Searching for electronic gadgets should be an easier task than searching for drugs or weapons. Most pupils will keep their phone in their pocket, not hidden away. But if a child puts up any resistance then you need to be careful. While the law allows the searcher to use "reasonable force", in the case of a trivial item such as a phone the amount of force judged reasonable would be minimal, if any at all.

It is one reason why behaviour expert Paul Dix of Pivotal Education believes searching pupils for personal items is best avoided. "If someone is messing about with their phone, it is better to remove the pupil from the lesson rather than trying to take their phone off them, especially if that might involve a search.
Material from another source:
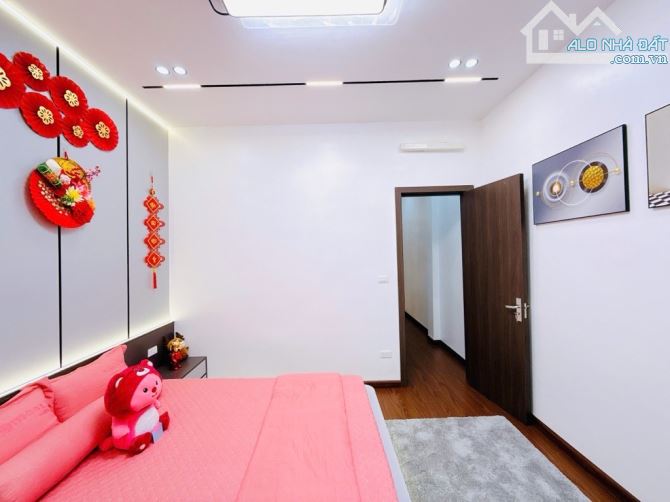 Nhà đẹp Cầu Giấy 45m2, 20m ô tô, full nội thất, đón tết sang xịn, xách vali ở ngay,9 tỷ - 7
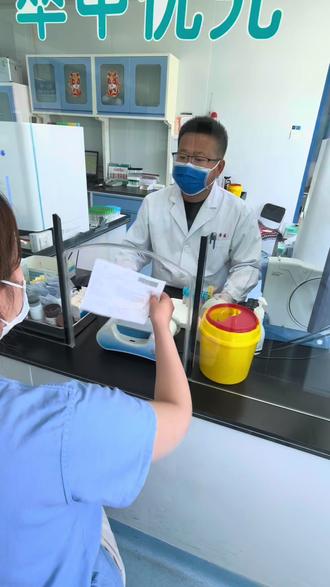 抽血而已,为啥要用一堆五颜六色的采血管? #热点小助手 #抽血搞笑文案 #采血管 #搞笑段子 #丰宁满族自治县医院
The problem is not the phone: the problem is that the pupil is not engaging with the lesson."

You should also be aware that if you confiscate an item found during a search, you can only keep it for a "reasonable" time. In the case of a phone, that would probably mean handing it back at the end of the day. Nor do you have the right to start scrolling through the phone.

www.statustraining.com, guidance on searching pupils: www.teachernet.gov.ukdocbankindex.cfm?id=11454

The law and what will change

- Schools have the right to search for any item, provided the pupil agrees to the search.

- Schools can search for drugs, alcohol, weapons or stolen goods, even without consent - if they have reasonable grounds for suspicion.

- Teachers can confiscate or destroy a prohibited item, provided that it is "reasonable" to do so.

- New powers - which may be introduced as early as the spring - could allow schools to search without consent for any item that is prohibited or which may cause disruption. This will include fireworks, pornography and cigarettes, as well as mobile phones.